La sociedad no parece estar implicada en una apuesta liberal como la defendida desde el fin del régimen de Fujimori. En esta etapa, el 53% de peruanos (IEP de julio) no apoya la democracia, el porcentaje más bajo desde 2001. Un dato que ayuda a comprender que el rechazo puede ser a “esta” democracia es el siguiente: los ricos o acomodados respaldan de modo abrumador la democracia (67%) y dos tercios de los que se definen de derecha (63%). En cambio, fuera de Lima y en el sector D/E, el rechazo trepa hasta los dos tercios, y es también alto entre los que se definen de izquierda y de “centro”.
En 2024, la demanda democrática que hemos conocido hasta ahora ha dejado de movilizar a la sociedad. El eje aglutinador es la seguridad y el orden. Estas demandas suministran nuevos contenidos a la insumisión en varios territorios frente a quienes ahora gobiernan, pero eso no garantiza un desenlace democrático en el mediano plazo. En cualquier caso, la cuestión democrática en el Perú se ha “desmodulado” (N. Lynch usa “descentrado”). No deja de ser meritorio —e ineludible— que una parte de la élite defienda en el Perú los valores universales de la democracia, pero es crucial señalar que esos latidos no trepidan mayoritariamente en la sociedad.
Por otro lado, el Perú tiene otras masas. Son también populares y antisistema. Es más, en este año se han dibujado nuevos movimientos sociales, por lo menos dos: la minería ilegal/informal y los transportistas en toda su variedad nacional. Los primeros, en pocos años, han realizado el tránsito desde la periferia hacia el centro del poder y han recogido, especialmente fuera de Lima, una alta cuota de legitimidad que es coherente con su creciente fuerza en el mercado.

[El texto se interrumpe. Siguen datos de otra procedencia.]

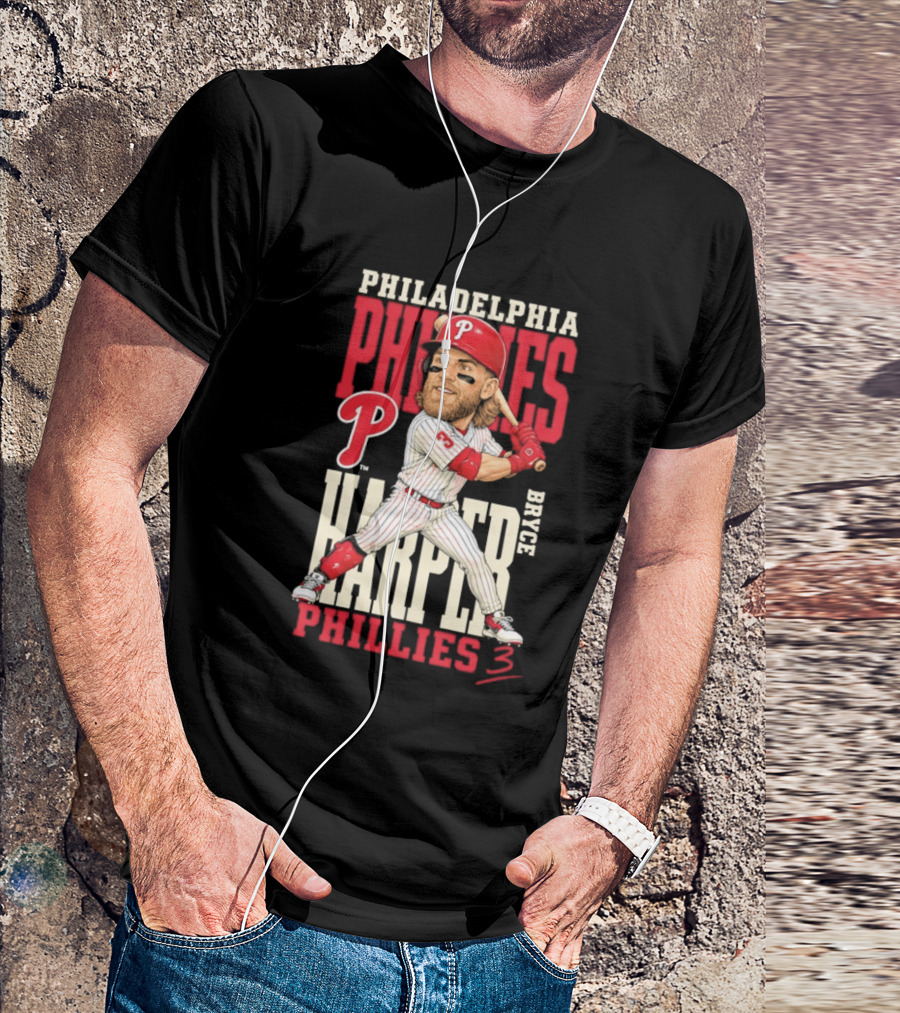 Philadelphia Phillies Bryce Harper 3 Caricature 2026 MLB Season T-Shirt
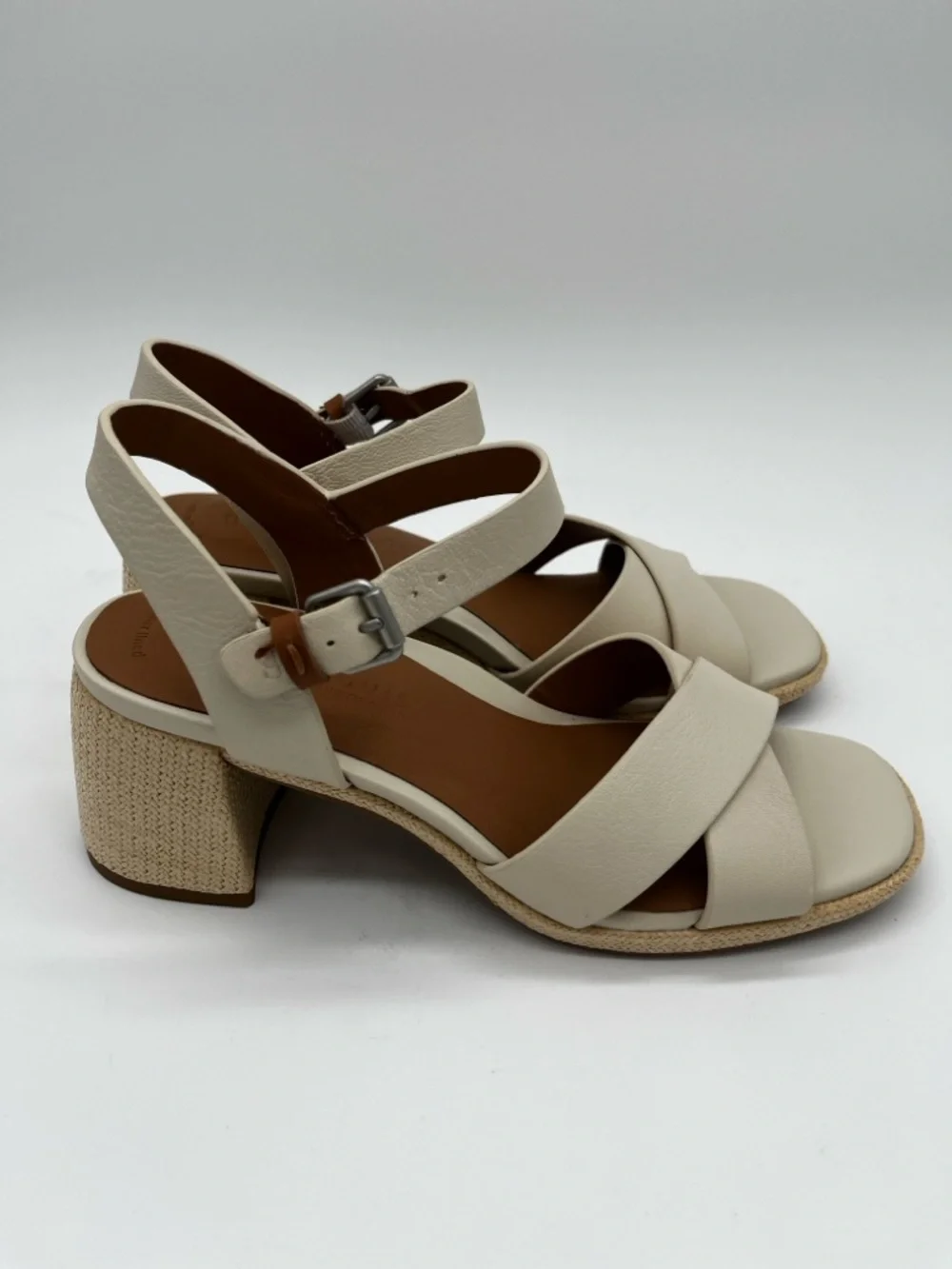 Gentle Souls Rimini Sandals Cream Leather Block Heel Ankle Strap - US 8.5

Esta emergencia capitalista aún no es abordada por la academia y los movimientos sociales clásicos (sindicalismo, feminismo, descentralismo, poblacional), aferrados exclusivamente al código legal/ilegal. Es cierto que la sociedad y el mercado conviven con las economías ilegales, y en esta mutación es riesgosa su relación con las prácticas criminales (extorsión, trata, secuestro) y su resuelto antiestatismo.
En resumen, nuestra pluralidad social se ha visto alterada y ampliada. La noción de ruptura situada en los códigos sociales es dominante. El país tiene movimientos sociales que piden más Estado y otros menos Estado, un proceso constituyente de una sociedad más desarreglada (D. Martuccelli lo llama desformalización y no contención de los sujetos sociales).
En otra clave, el poder militar está de regreso. Con lentitud, con mucha reserva y a desgano. Si hay alguna conexión intersubjetiva intensa de los ciudadanos es con los militares. En las encuestas, las FFAA son de lejos las que reúnen mucha o algo de confianza (55%, IEP julio), aunque en el norte y centro la confianza supera los dos tercios. De hecho, un dato de la encuesta de IEP de julio ha sonado como un potente aldabonazo en los cuarteles: el 57% “justificaría” un golpe militar frente a la corrupción, 14 puntos más que el año pasado, un temperamento que fuera de Lima se acerca al 70%.